Heidegger não procura fazer um balanço da obra de arte, uma análise por comparação, porque
diz que o geral é o indiferente, que é o contrário da essência. É preciso ir portanto para a própria obra.
Para isso, Heidegger escolhe Hölderlin porque ele proporciona a experienciação da essência. Por meio
da obra de arte é possível buscar algo que está junto a ela, diferentemente das coisas úteis ou das meras
coisas. Quando se pensa em martelo, pensa-se em construir, martelar. Por outro lado, quando se pensa
nos sapatos de van Gogh, não se pensa em calçá-los, e isso por si só provoca, de certo modo, um
estranhamento, pois pertence a outro âmbito que é alcançado por meio do salto que a obra proporciona.
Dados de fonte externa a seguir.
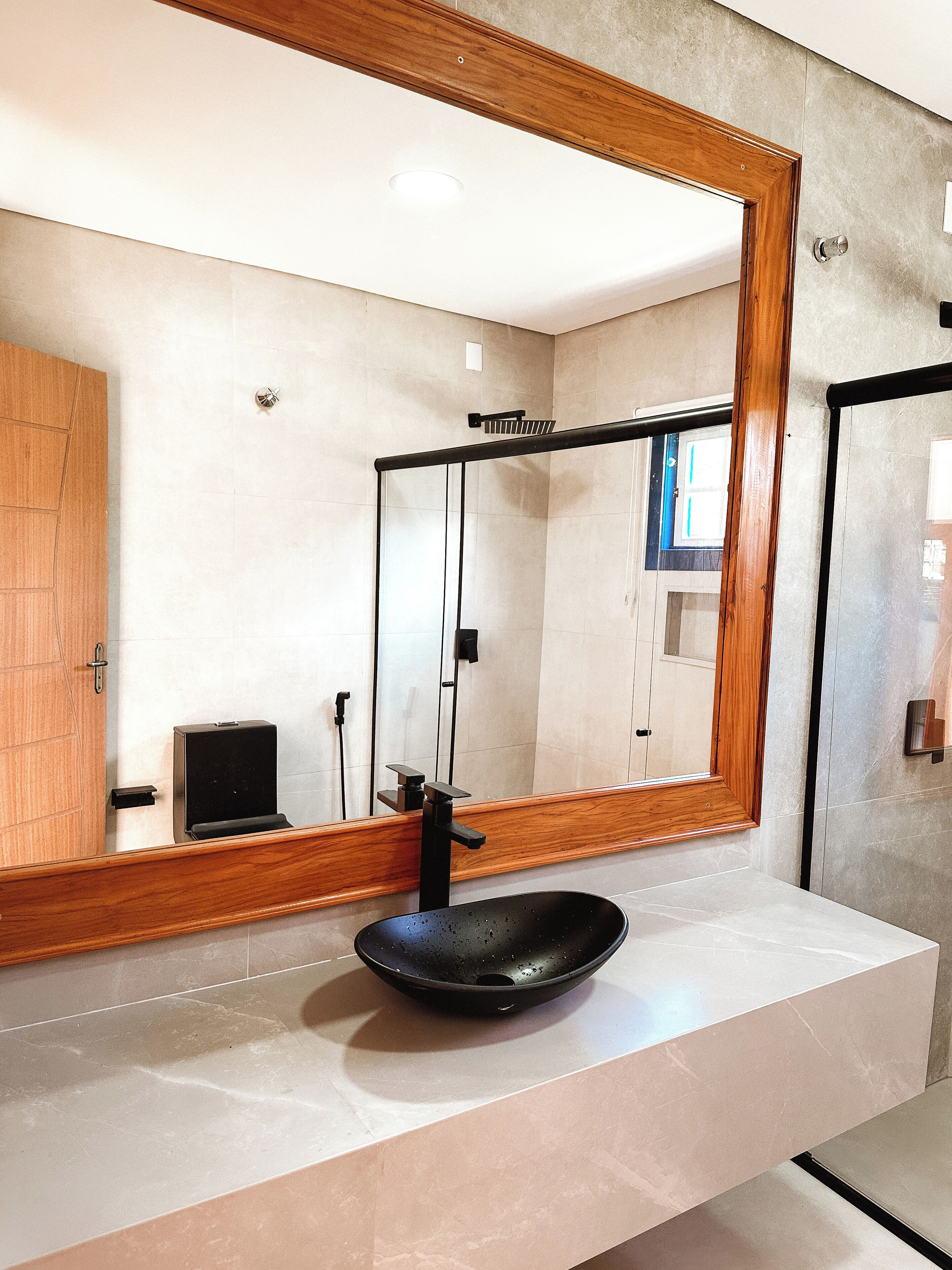 Un baño con un espejo grande, un lavamanos tipo cuenco negro y una puerta de madera.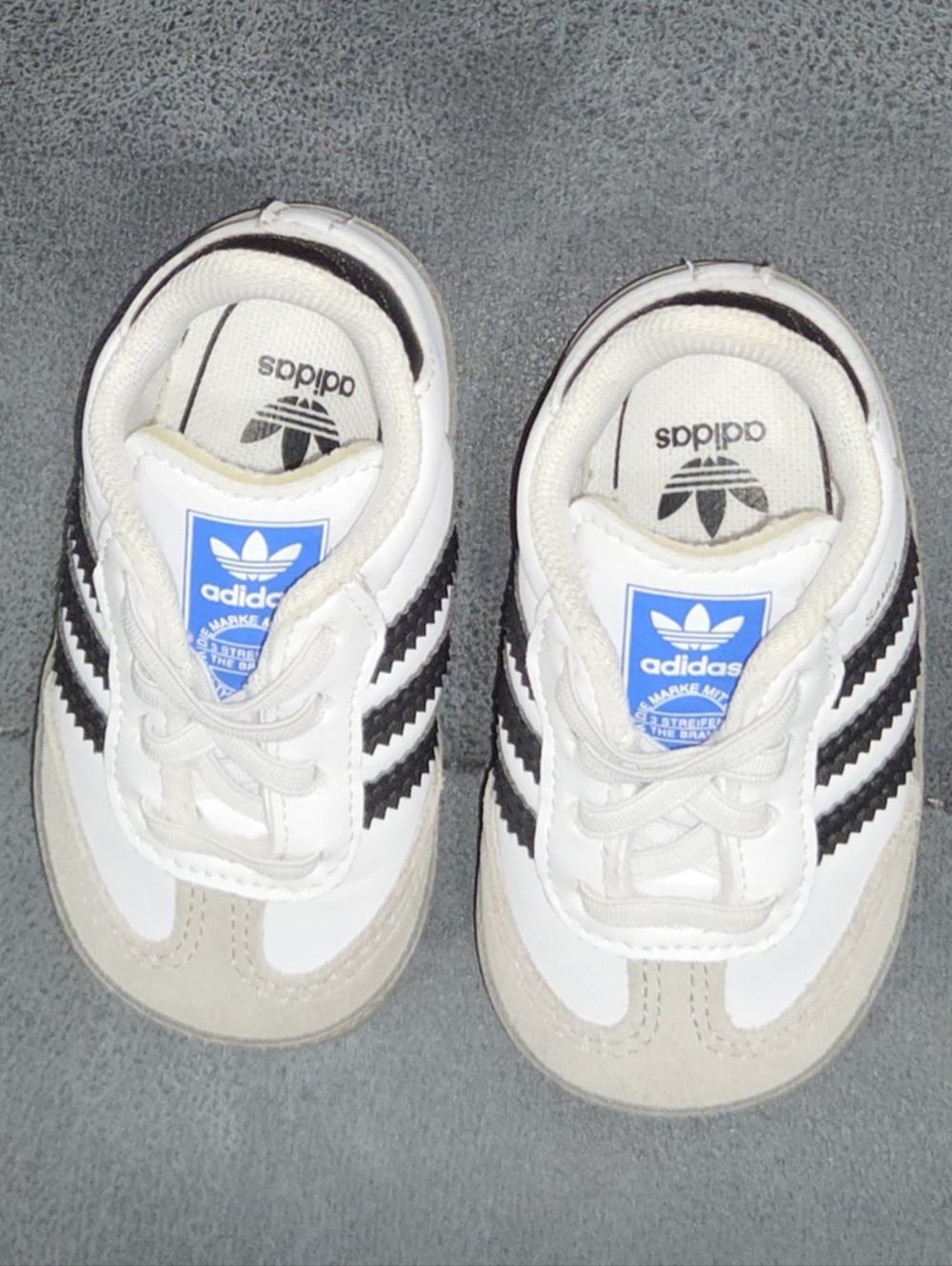 BABY ADIDAS Baby White Sneakers with Black Stripes and Blue Tongue Logo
A obra, segundo Heidegger, vai mostrar o que é a coisa, mas a coisa nunca vai mostrar o que é a obra.
Pois, quando vamos ao encontro das coisas já sabendo para que elas servem, não conseguimos nos
afastar do objeto para descobrirmos sua essência. Esse afastamento é proporcionado pela obra de arte.

Como foi dito, a obra de arte, assim como o artista, possuem fundamental importância na esfera
humana. Neste sentido, talvez Heidegger defendesse que, assim como a obra de arte é o lugar onde se
instaura e se revela a verdade, o poeta deveria ter seu devido lugar garantido na república de Platão.